Everything has a season – including selling your house. Listing at the right moment could mean more money in your pocket.
Traditionally, spring is the hottest season for real estate. Sales peak in April and May and stay strong in June and July. It’s a good season for families to move, between school terms and while the weather is warm. People have just received their tax refunds, which they can use to help finance a down payment. And the nice weather and beautiful flowers in spring and early summer make it a great time to show your home.
In fact, a full 60 percent of America’s moves take place in the summer. But closing a sale can take weeks, so it’s a good idea to list your home early in the season.
August brings a lag in sales, as people go away on vacation and start to think about the new school year. Then sales surge briefly in the fall before dropping in winter as buyers and sellers focus on the holidays. But by January, buyers are out again, and sales steadily increase into spring.
If you can’t sell in the peak season, consider listing your house in winter. It may sound counterintuitive, but you probably already have the house decorated and cleaned for holiday entertaining, so it shouldn’t be hard to get it in shape for showing. Moreover, you will have less competition and may get a better price. Another plus: buyers in winter are less likely to waste your time or draw out the closing. They may want to close before the New Year so they can claim the mortgage deduction on their tax return, which you could turn to your advantage in pressing for a quick deal.
But seasonal ups and downs of the market aren’t absolutes. They don’t affect home sales as much in temperate climates, like California and Florida, where people house-hunt year-round. And warmer weather in the Northeast and Midwest in November and early December can prolong real-estate seasons there.
Of course, selling in the hot season isn’t the whole story. You should pay attention to your local housing market and try to list during a seller’s market, when there will be more competition among buyers for your home – which could mean a better price, a quicker closing and fewer conditions on the offer. Your local real estate agent will be able to tell you what the local housing market is like.

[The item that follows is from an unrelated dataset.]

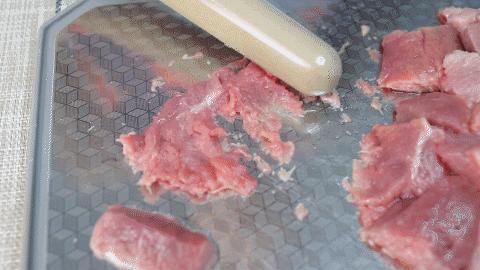 番茄牛肉丸宝宝辅食做法,今日食谱宝宝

Be aware of the underlying factors that influence the local market. Recent layoffs could mean a glut of desperate sellers, possibly driving down the market price of your house. Alternatively, you may be in an area of the country where housing prices are going through the roof. For example, the price of a house in West Palm Beach-Boca Raton has shot up by almost 77 percent in the last three years. You may not live in Boca, but if prices in your area are on the rise, it can create a rush of buyers who want to close a deal before the prices go higher. Anticipation of an increase in interest rates can have a similar impact on the urgency of buyers.